There are two main offenses in Michigan when driving while under the influence of alcohol and/or drugs. The first is called OWI, operating while intoxicated, which is a serious criminal offense. The other is a lesser offense, but still serious, called OWVI, operating while visually impaired. They are both considered misdemeanors in Michigan, but you could also be charged with a felony depending on the circumstances and previous OWI/OWVI charges.
If you are pulled over and charged with an OWI it is because you had a blood alcohol content (BAC) of .08% or greater, or because you were driving while under the influence of alcohol or any controlled substance. This can also include prescription medication. If you have a BAC of .17% you are considered “super drunk” which can come with more serious consequences.
A judge will take into consideration any prior convictions within the last seven years as well as the circumstances surrounding the current charge, but there are certain parameters that a judge must stay within. They are as follows:
For a 1st Offense:
- Up to 93 days in Jail (if your BAC is above .17%, then you could see up to 180 days in jail.)
- $100-$500 in fines (if your BAC is above .17%, then you could pay $200-$700 in fines.)
- Up to 360 hours of community service.
For a 2nd Offense:
- Jail time of 5 days to 1 year.
- $200-$1,000 in fines.
- 30-90 days of community service.
For a 3rd Offense:
- Jail time of 1 to 5 years (30 days to 1 year if community service is ordered.)
- $500-$5,000 in fines.
- 60-180 days of community service.
If you are charged with an OWVI, it is because a police officer witnessed you driving with a visual impairment. This charge does not require a chemical test to confirm your impairment so you can be charged with an OWVI even if your BAC is under .08%. The officer needs to witness the person driving in an unsafe manner, they do not need proof of illegal intoxication. The penalties for an OWVI charge are similar to that of an OWI charge, but the fine limit is only up to $300 on your first offense.

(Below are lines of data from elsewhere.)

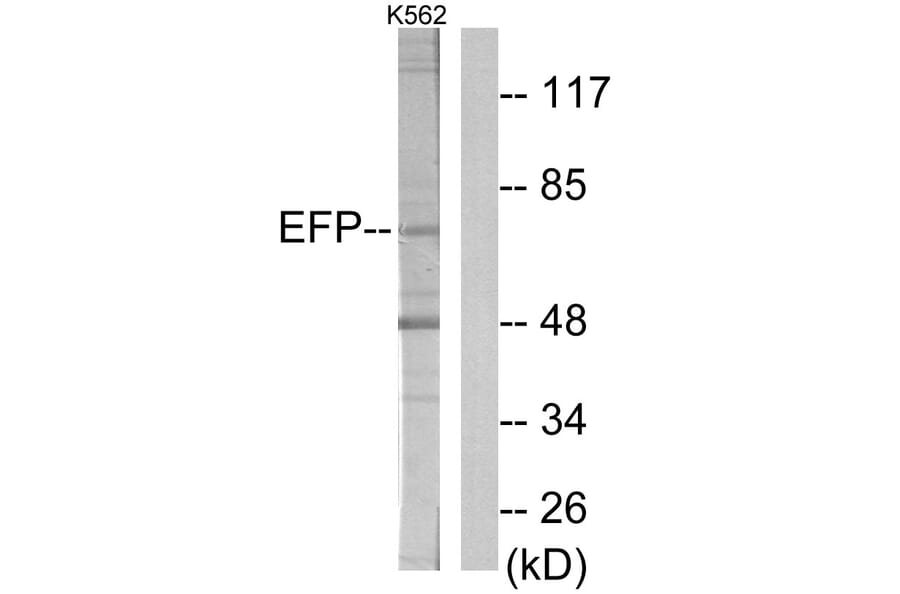Western Blot - Anti-ZNF147 Antibody (C11026) - Antibodies.com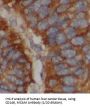 Melanoma Cell Adhesion Molecule (MCAM) Antibody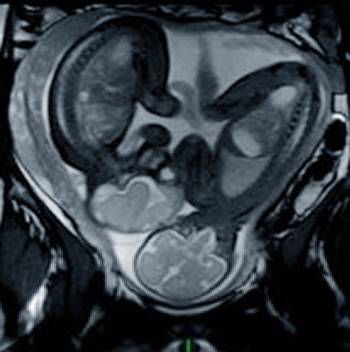 diagnostico-resonancia-magnetica-fetal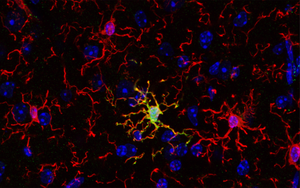 Immune cells of the brain are not all the same – new research could open novel therapeutic pathways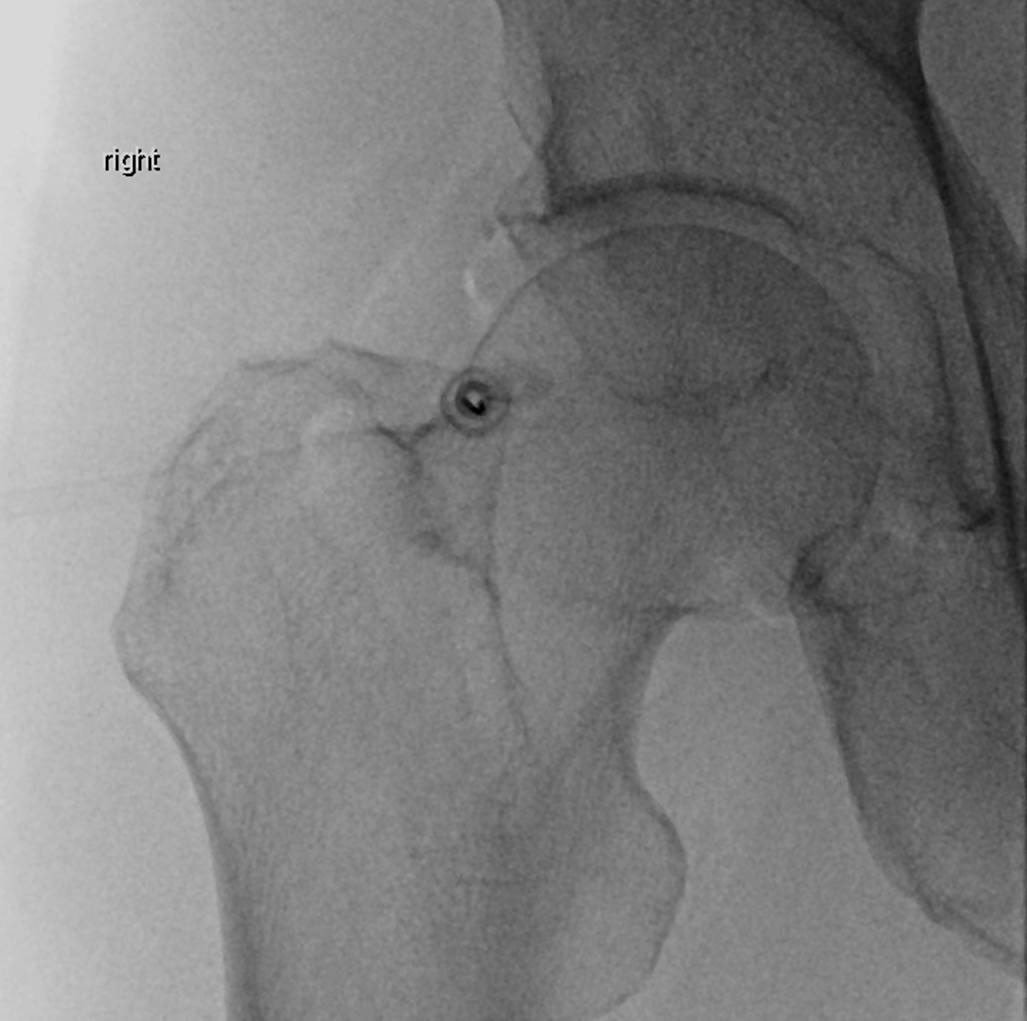 DanielWessellMD's tweet photo. Flouro guided joint injection on patients with iodinated contrast allergy? No problem. A little air works great to confirm intra articular needle placement. #MSKrad https://t.co/L77GY12r57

If you are convicted of either an OWI or an OWVI, you will also face the consequences of having your driver’s license suspended. A first time OWI offense will result in a 180-day suspension, but if your BAC was greater than .17% then you license will be suspended for one year. There are some circumstances where you may be able to get a restricted license after 30 days of your suspension. A restricted license would allow you to drive only to the following:
- Your place of employment.
- School if you are currently a student.
- Probation meetings.
- Alcohol or substance abuse treatment programs.

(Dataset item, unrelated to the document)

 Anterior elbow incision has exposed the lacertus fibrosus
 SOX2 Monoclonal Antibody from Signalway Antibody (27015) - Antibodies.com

- Medical appointments for you or a member of your family.
- Court ordered community service.
If you drive with your restricted license, you must carry with you proof of your work schedule, your destination, any classes that you are enrolled in, or your school schedule. If you are pulled over while driving with a restricted license and are not carrying this proof or if you are found to be driving for a reason that isn’t allowed with your restricted license, then you could face new criminal penalties and an extension of your current license suspension.
An OWI/OWVI charge will go on your record and stay there indefinitely which can have a negative effect on your future. There are benefits to hiring a lawyer to walk you through this since they are very familiar with the process which would limit any surprises that might come your way throughout the legal proceedings. Also, a lawyer knows the appropriate plea bargains to make during the legal process.
Both of these charges can have serious consequences for you and for others around you. Think very hard before getting behind the wheel with any form or amount of alcohol or other controlled substances in your body. Making the choice to NOT get behind the wheel could save your life, the lives of others, and your future.